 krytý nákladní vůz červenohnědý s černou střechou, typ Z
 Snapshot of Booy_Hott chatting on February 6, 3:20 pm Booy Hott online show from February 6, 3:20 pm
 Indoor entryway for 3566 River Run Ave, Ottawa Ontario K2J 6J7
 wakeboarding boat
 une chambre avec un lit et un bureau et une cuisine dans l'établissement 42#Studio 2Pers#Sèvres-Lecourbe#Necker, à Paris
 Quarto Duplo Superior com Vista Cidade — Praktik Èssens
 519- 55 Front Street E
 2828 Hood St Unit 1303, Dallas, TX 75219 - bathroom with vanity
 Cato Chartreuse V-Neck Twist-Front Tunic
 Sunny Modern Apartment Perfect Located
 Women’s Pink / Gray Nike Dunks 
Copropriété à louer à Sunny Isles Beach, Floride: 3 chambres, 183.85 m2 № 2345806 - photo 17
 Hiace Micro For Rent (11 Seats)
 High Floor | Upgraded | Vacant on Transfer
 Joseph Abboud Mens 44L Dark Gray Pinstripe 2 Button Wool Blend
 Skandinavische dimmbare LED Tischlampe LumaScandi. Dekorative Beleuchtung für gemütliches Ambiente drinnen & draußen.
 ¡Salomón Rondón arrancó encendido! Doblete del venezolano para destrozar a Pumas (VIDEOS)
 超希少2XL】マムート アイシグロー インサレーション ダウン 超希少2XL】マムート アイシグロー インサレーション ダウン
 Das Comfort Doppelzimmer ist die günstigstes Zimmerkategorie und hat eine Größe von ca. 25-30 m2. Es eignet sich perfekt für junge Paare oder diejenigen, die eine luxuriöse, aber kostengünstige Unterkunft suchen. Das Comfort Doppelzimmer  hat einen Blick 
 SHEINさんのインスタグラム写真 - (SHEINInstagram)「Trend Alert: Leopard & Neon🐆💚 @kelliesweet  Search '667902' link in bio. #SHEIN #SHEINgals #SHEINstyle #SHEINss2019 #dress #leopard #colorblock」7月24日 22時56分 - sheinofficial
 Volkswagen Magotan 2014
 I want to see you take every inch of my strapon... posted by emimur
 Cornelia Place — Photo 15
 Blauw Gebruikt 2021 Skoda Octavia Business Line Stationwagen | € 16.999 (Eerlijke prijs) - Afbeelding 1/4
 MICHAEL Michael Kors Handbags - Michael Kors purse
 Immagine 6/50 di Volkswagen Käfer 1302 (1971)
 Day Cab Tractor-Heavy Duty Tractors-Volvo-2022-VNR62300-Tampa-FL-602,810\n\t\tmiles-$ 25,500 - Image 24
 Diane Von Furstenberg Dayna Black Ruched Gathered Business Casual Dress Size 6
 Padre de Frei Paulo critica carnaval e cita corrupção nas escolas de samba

§ **What is being asked**: Keeping each line exactly as it is, retype all of the data.

§ **Reply**:
 krytý nákladní vůz červenohnědý s černou střechou, typ Z
 Snapshot of Booy_Hott chatting on February 6, 3:20 pm Booy Hott online show from February 6, 3:20 pm
 Indoor entryway for 3566 River Run Ave, Ottawa Ontario K2J 6J7
 wakeboarding boat
 une chambre avec un lit et un bureau et une cuisine dans l'établissement 42#Studio 2Pers#Sèvres-Lecourbe#Necker, à Paris
 Quarto Duplo Superior com Vista Cidade — Praktik Èssens
 519- 55 Front Street E
 2828 Hood St Unit 1303, Dallas, TX 75219 - bathroom with vanity
 Cato Chartreuse V-Neck Twist-Front Tunic
 Sunny Modern Apartment Perfect Located
 Women’s Pink / Gray Nike Dunks 
Copropriété à louer à Sunny Isles Beach, Floride: 3 chambres, 183.85 m2 № 2345806 - photo 17
 Hiace Micro For Rent (11 Seats)
 High Floor | Upgraded | Vacant on Transfer
 Joseph Abboud Mens 44L Dark Gray Pinstripe 2 Button Wool Blend
 Skandinavische dimmbare LED Tischlampe LumaScandi. Dekorative Beleuchtung für gemütliches Ambiente drinnen & draußen.
 ¡Salomón Rondón arrancó encendido! Doblete del venezolano para destrozar a Pumas (VIDEOS)
 超希少2XL】マムート アイシグロー インサレーション ダウン 超希少2XL】マムート アイシグロー インサレーション ダウン
 Das Comfort Doppelzimmer ist die günstigstes Zimmerkategorie und hat eine Größe von ca. 25-30 m2. Es eignet sich perfekt für junge Paare oder diejenigen, die eine luxuriöse, aber kostengünstige Unterkunft suchen. Das Comfort Doppelzimmer  hat einen Blick 
 SHEINさんのインスタグラム写真 - (SHEINInstagram)「Trend Alert: Leopard & Neon🐆💚 @kelliesweet  Search '667902' link in bio. #SHEIN #SHEINgals #SHEINstyle #SHEINss2019 #dress #leopard #colorblock」7月24日 22時56分 - sheinofficial
 Volkswagen Magotan 2014
 I want to see you take every inch of my strapon... posted by emimur
 Cornelia Place — Photo 15
 Blauw Gebruikt 2021 Skoda Octavia Business Line Stationwagen | € 16.999 (Eerlijke prijs) - Afbeelding 1/4
 MICHAEL Michael Kors Handbags - Michael Kors purse
 Immagine 6/50 di Volkswagen Käfer 1302 (1971)
 Day Cab Tractor-Heavy Duty Tractors-Volvo-2022-VNR62300-Tampa-FL-602,810\n\t\tmiles-$ 25,500 - Image 24
 Diane Von Furstenberg Dayna Black Ruched Gathered Business Casual Dress Size 6
 Padre de Frei Paulo critica carnaval e cita corrupção nas escolas de samba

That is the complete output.